Der Vorstand hat aus Sicht der VW-Arbeitnehmervertreter ein Tabu gebrochen, indem er eine seit drei Jahrzehnten fortgeschriebene Jobgarantie kündigte und erstmals Werksschließungen in Deutschland nicht mehr ausschließt. Der Schritt zeigt, wie ernst die Lage ist. Zumal Erfolge in wichtigen anderen Regionen fehlen.
Tabu gebrochen
Im weltgrößten Absatzmarkt China muss VW ebenfalls deutlich auf die Kostenbremse treten, um im Elektrosegment künftig eine nennenswerte Rolle zu spielen und sich gegenüber der chinesischen Konkurrenz zu behaupten. Von früheren Ergebnisniveaus in China liegen die Wolfsburger weit entfernt. In den USA lässt sich weiterhin nicht erkennen, ob es gelingen wird, den Marktanteil wie geplant bis 2030 auf 10% mehr als zu verdoppeln.

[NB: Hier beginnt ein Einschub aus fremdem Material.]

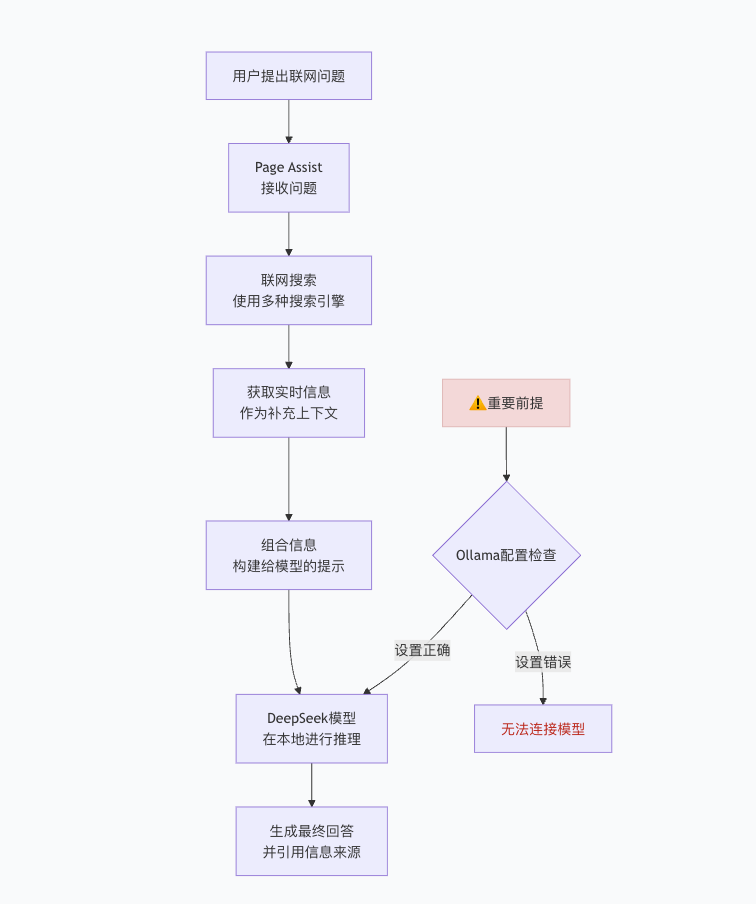 实践用Ollama本地部署DeepSeek-R1模型，总算搞清楚了联网搜索RAG是怎么回事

Vor allem die Kernmarke VW Pkw muss wettbewerbsfähig werden. Der Autobauer kann es sich nicht leisten, viel weniger als die nun vom Betriebsrat kolportierten zusätzlichen Sparmaßnahmen des Vorstands umzusetzen. Zugleich dürften die Vorschläge einiges an Verhandlungsspielraum enthalten. Wie schon in anderen Krisen werden sie in Wolfsburg eine gesichtswahrende Lösung anstreben: das Management, das die operative Marge der Kernmarke bis 2026 auf 6,5 von zuletzt 2,3% hieven will, ebenso wie die Arbeitnehmervertreter und der Großaktionär Niedersachsen, die eine Schließung von Standorten verhindern wollen. VW braucht aber diesmal einen großen Wurf, um dauerhaft wettbewerbsfähig zu sein. Es erscheint unvermeidlich, dass der tiefe Wunden reißen wird.